→ Exercise description
What you give back from the listing below should be an exact copy of the lines from the one with "Worthington; Women’s sleeveless" down to the one with "Boîte de rangement", and it should contain no pictures.

→ Given data
※ ※ ※
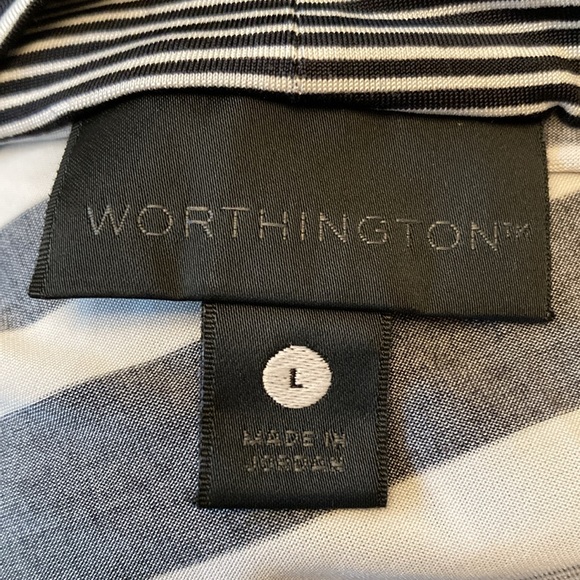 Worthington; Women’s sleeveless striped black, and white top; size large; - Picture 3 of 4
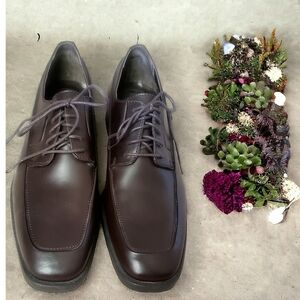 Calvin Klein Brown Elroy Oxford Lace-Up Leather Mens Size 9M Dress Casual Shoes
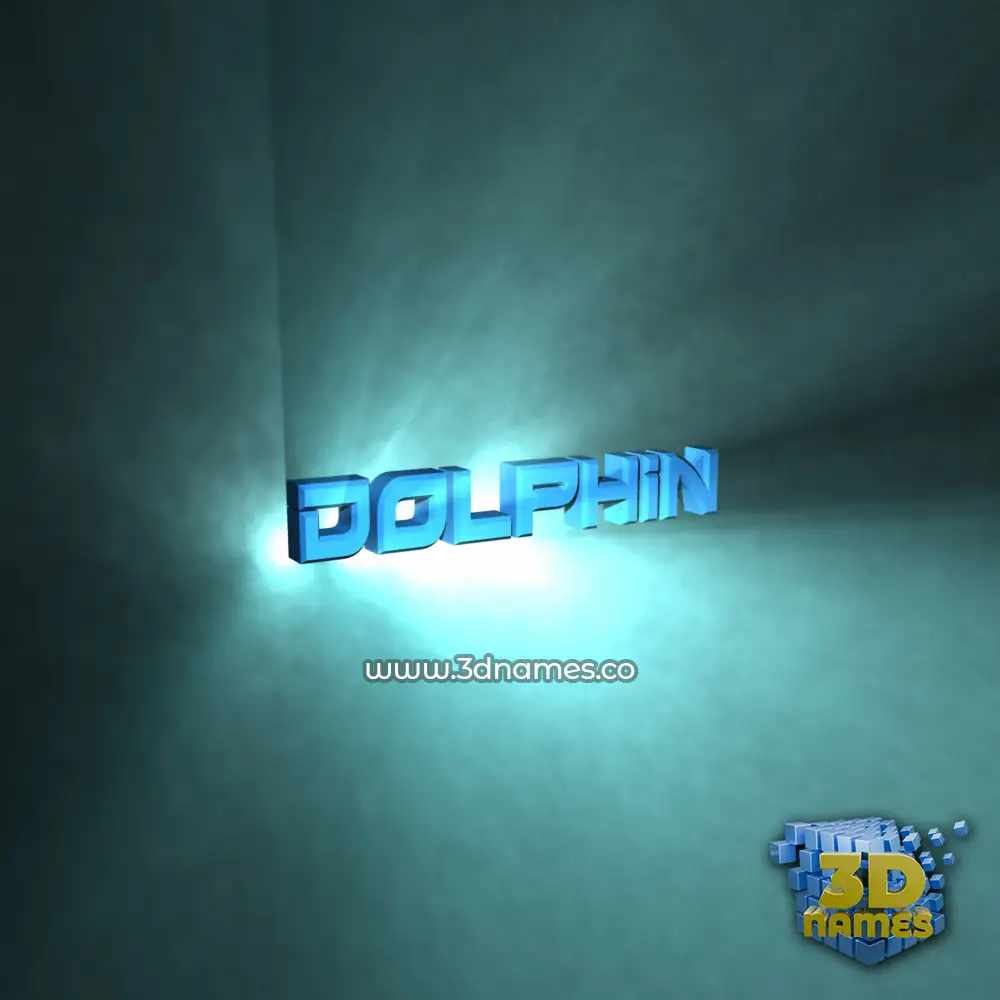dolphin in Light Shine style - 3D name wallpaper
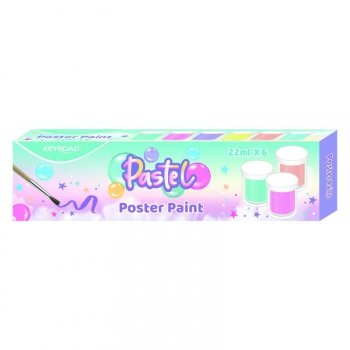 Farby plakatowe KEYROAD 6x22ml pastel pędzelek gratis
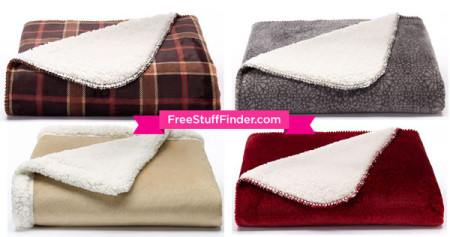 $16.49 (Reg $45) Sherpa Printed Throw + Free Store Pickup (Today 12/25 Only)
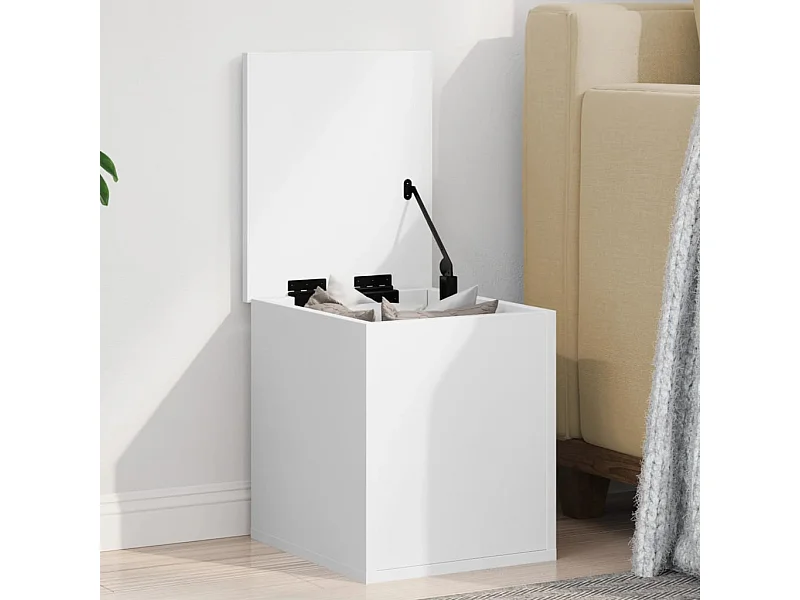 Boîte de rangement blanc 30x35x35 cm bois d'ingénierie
※ ※ ※
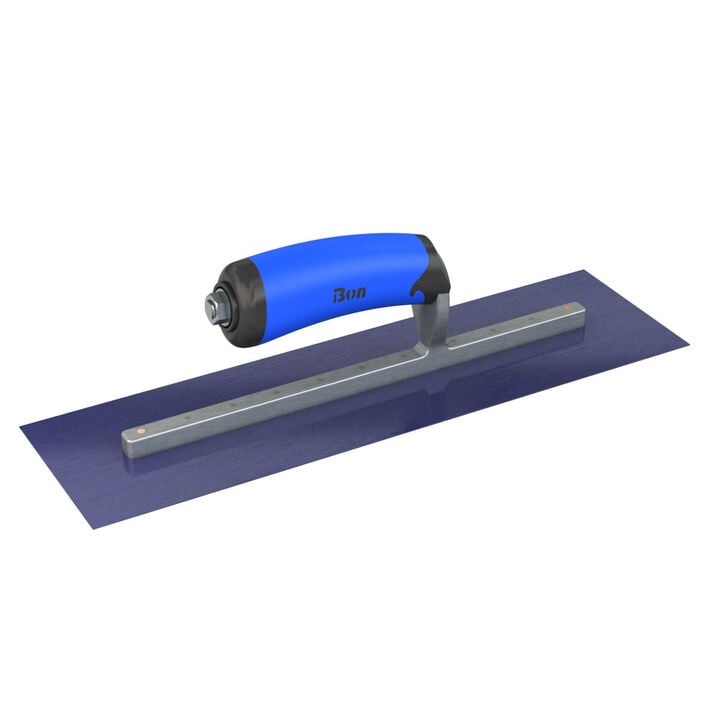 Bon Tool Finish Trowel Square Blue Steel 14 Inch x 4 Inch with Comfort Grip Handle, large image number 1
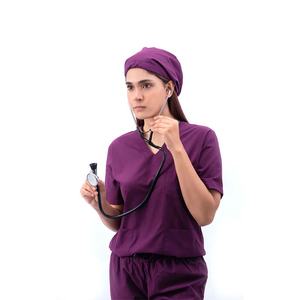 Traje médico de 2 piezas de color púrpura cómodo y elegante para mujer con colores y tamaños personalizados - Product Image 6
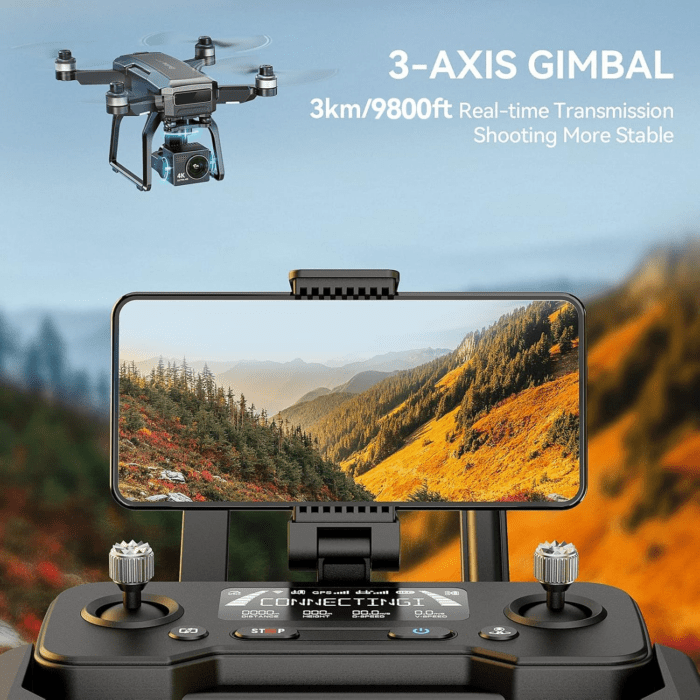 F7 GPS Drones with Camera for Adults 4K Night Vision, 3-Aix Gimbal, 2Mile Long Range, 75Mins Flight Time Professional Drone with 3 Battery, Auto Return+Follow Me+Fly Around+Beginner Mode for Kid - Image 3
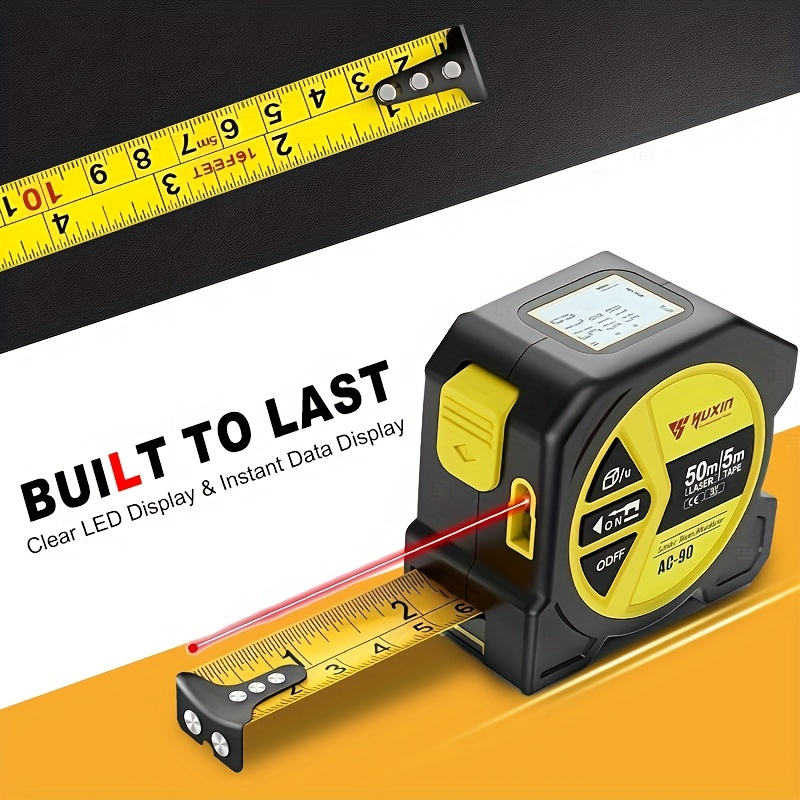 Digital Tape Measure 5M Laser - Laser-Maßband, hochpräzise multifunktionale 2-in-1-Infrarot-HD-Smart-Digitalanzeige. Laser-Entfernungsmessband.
※ ※ ※
→ Solution to this problem
 Worthington; Women’s sleeveless striped black, and white top; size large; - Picture 3 of 4
 Calvin Klein Brown Elroy Oxford Lace-Up Leather Mens Size 9M Dress Casual Shoes
dolphin in Light Shine style - 3D name wallpaper
 Farby plakatowe KEYROAD 6x22ml pastel pędzelek gratis
 $16.49 (Reg $45) Sherpa Printed Throw + Free Store Pickup (Today 12/25 Only)
 Boîte de rangement blanc 30x35x35 cm bois d'ingénierie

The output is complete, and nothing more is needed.